Alabama: Recap

Updated: Jul 22, 2018

Observations Specific to Alabama:


1. In order to enter the Alabama mainland, the route required that I board a ferry. While I waited 90 minutes for the ferry to arrive, I was afforded the opportunity to converse with a local motorcyclist lady. She began the conversation by telling me that she had just left the bar where she had been ripping shots of liquor for the past few hours. She also noted that the glaring Sun didn’t help her headache. Hoping to find relief, she lied down on the park bench only to quickly conclude that napping was impossible. As a result, she whipped out a 12 ounce Miller High Life can, which lasted no longer than 3 minutes. An hour later, the ferry arrived, transported us to our destination, and she drove away. I didn’t know pre-gaming ferries was a thing in Alabama. Welcome to ‘Bama!


2. When I first entered Alabama, I was surprised at all the ostensible litter lining the Alabama roadways. It looked like someone had gutted a stuffed teddy bear and scattered its contents for miles and miles. Eventually, I wised up. Someone didn’t throw litter out the window—what I saw was cotton that either (a) blew off of Alabama’s thousands of acres of cotton fields or (b) blew off of the hundreds of cotton trucks zooming along the back roads. One of the many reasons how I’ve come to realize that I’m a Yankee.


3. The first day in Alabama someone told me, “Be careful here, man. Everyone here carries a gun.” It’s safe to say that none of my experiences in Alabama have dissuaded me from accepting this as cold-hard fact.


4. Alabama roads are constructed with coarse aggregate and designed with no shoulder. In other words, Alabama is not built for cyclists.

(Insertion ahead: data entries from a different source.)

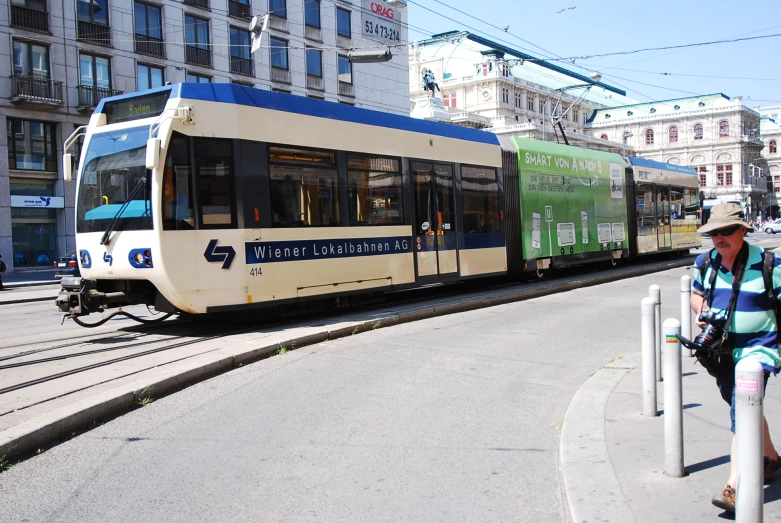 a person walking near the trolley car on the street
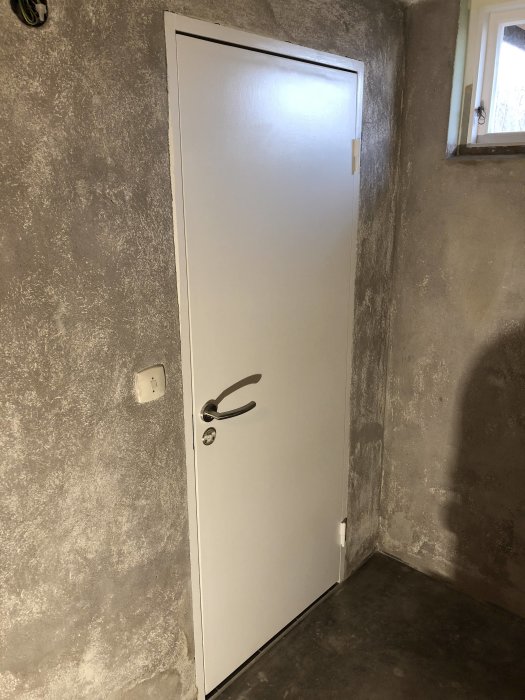 Renoverat rum med putsade väggar och en vit dörr utan foder, redo för målning.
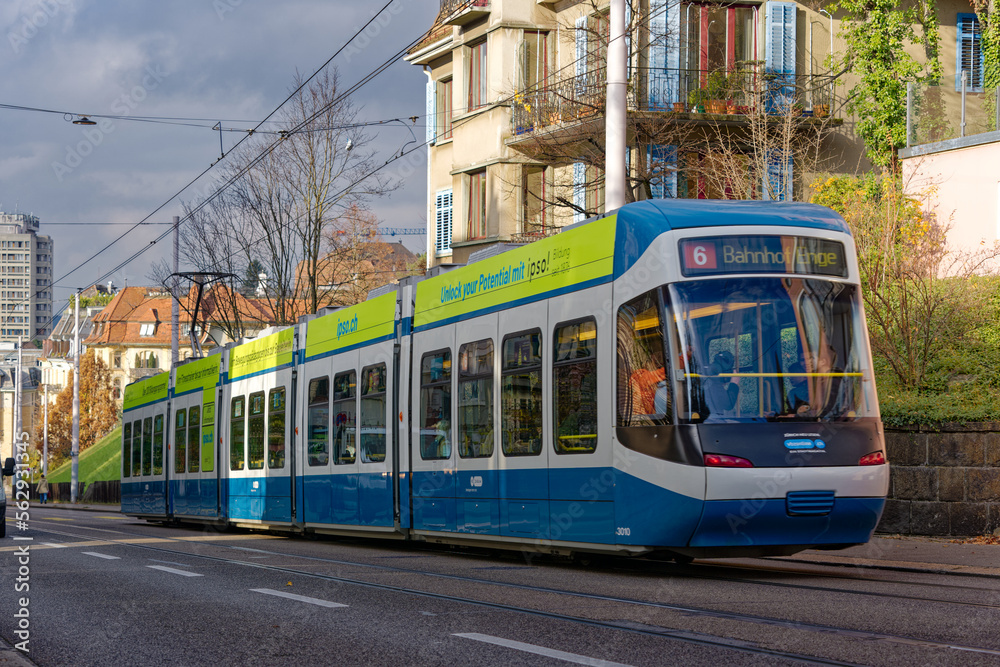 Tram line 6 destination Zoo at City of Zürich on a blue cloudy autumn day. Photo taken December 8th,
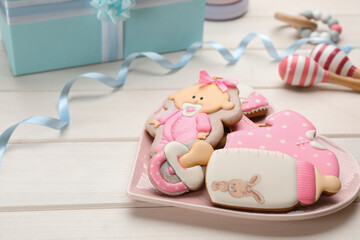 Heart shaped plate of baby shower cookies and accessories on white wooden table
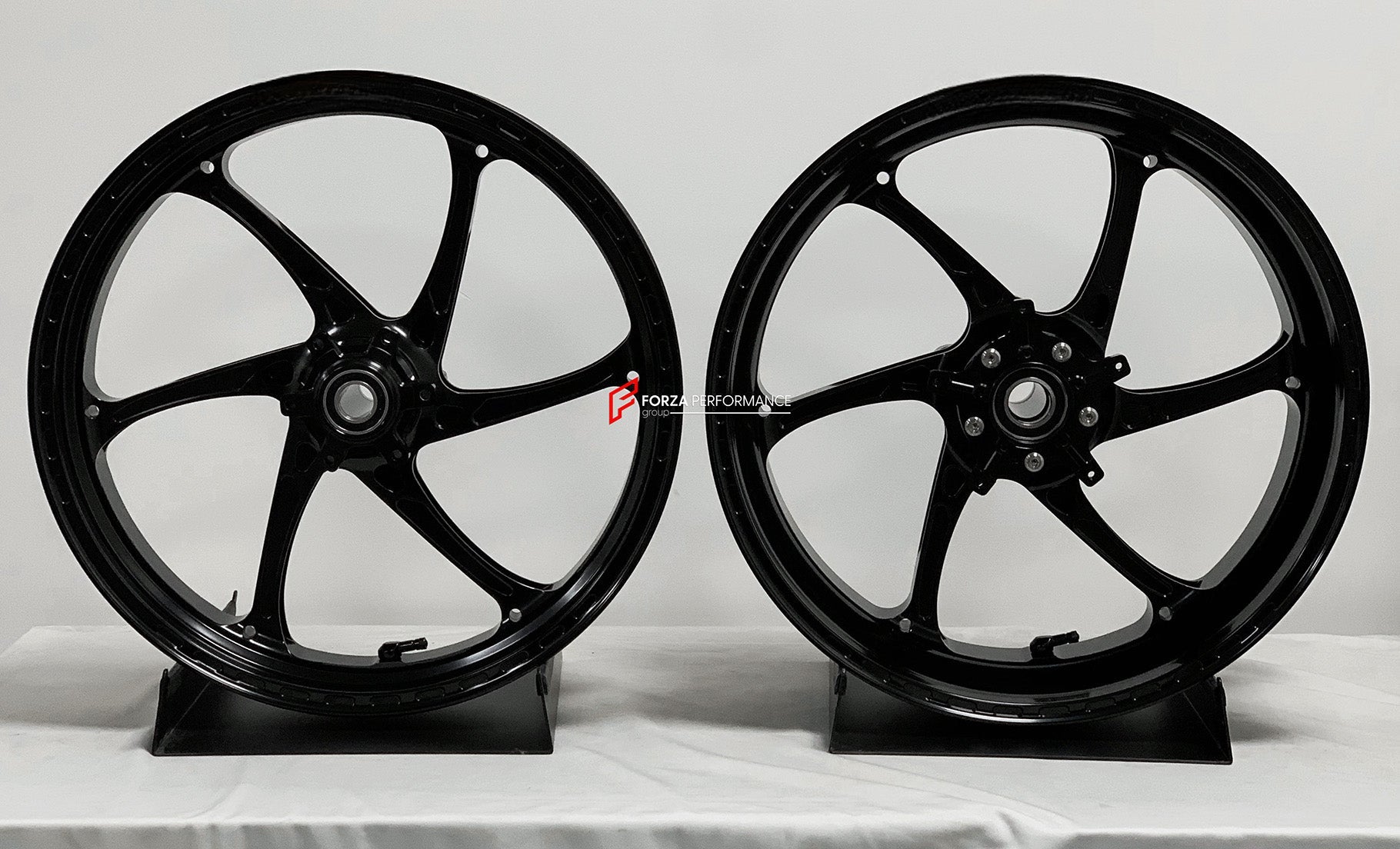 We manufacture premium quality forged motorcycle wheels rims for S1000RR M1000RR in any design, size, color.

Wheel sizes (motorcycle spec):

Front: 3.5 x 17

Rear: 6 x 17

Weight:

Front: 3.25 kg (7.16 lbs)

Rear: 4.5 kg (9.92 lbs)


Finishing: Satin Black

Forza Performance Group engineers and manufactures each forged motorcycle wheel individually per order. This ensures precise fitment, uncompromised strength, and unique styling. Whether for racing, touring, or daily use — our wheels are built for both p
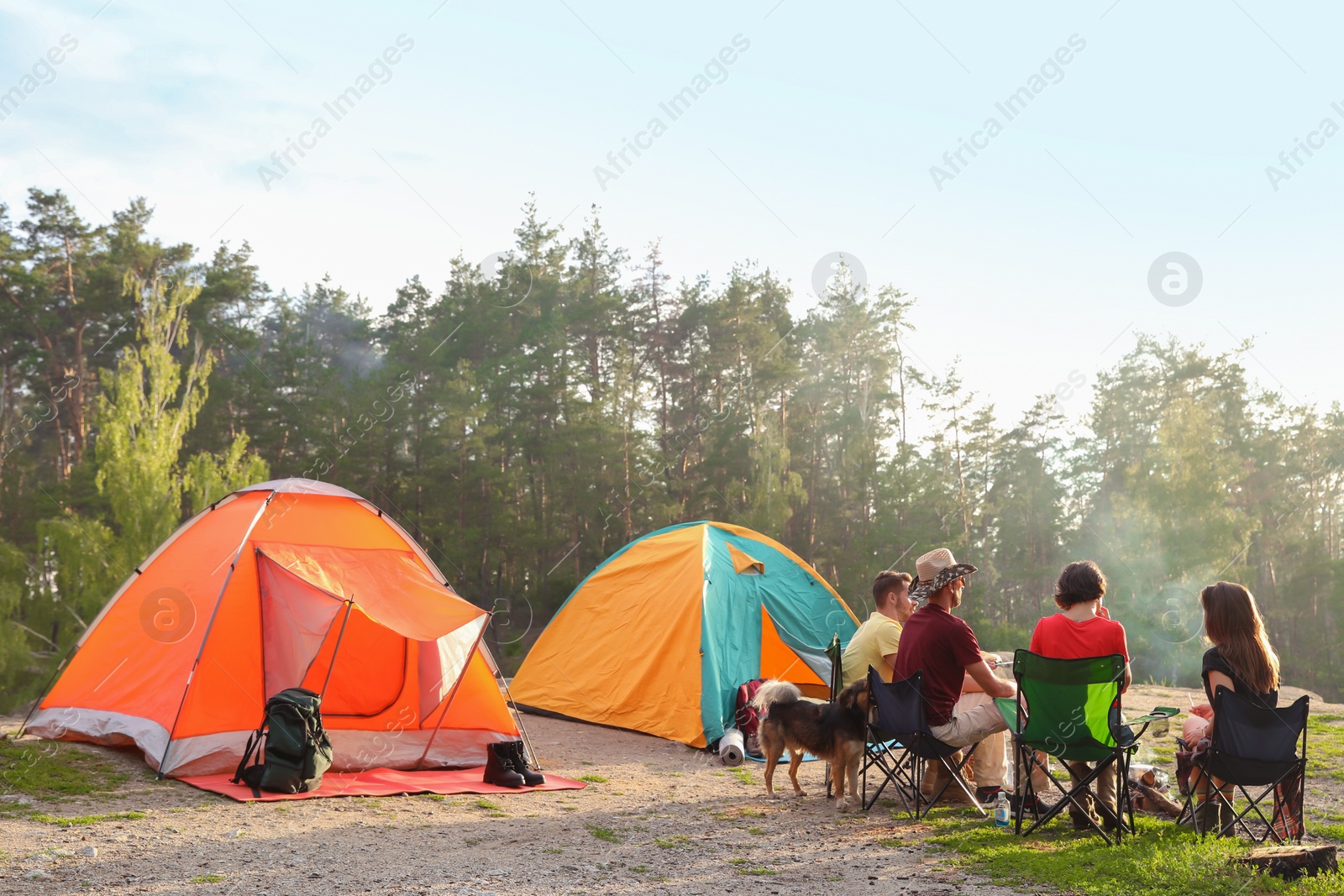 Photo of People resting near camping tent in wilderness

5. “Beware of dog,” “No trespassing,” and “Smile! You’re on video” signs are pervasive. Given the prevalence of firearms, I wouldn’t recommend selling Girl Scout cookies door-to-door.


6. Conecuh sausage is excellent. It tastes similar to kielbasa.


7. Logging trucks dominate the roadways.


8. Churches dominate the landscape: old churches, new churches, abandoned churches, dilapidated churches, small churches. Most churches in Alabama are relatively quaint. Grassy parking lots are not uncommon.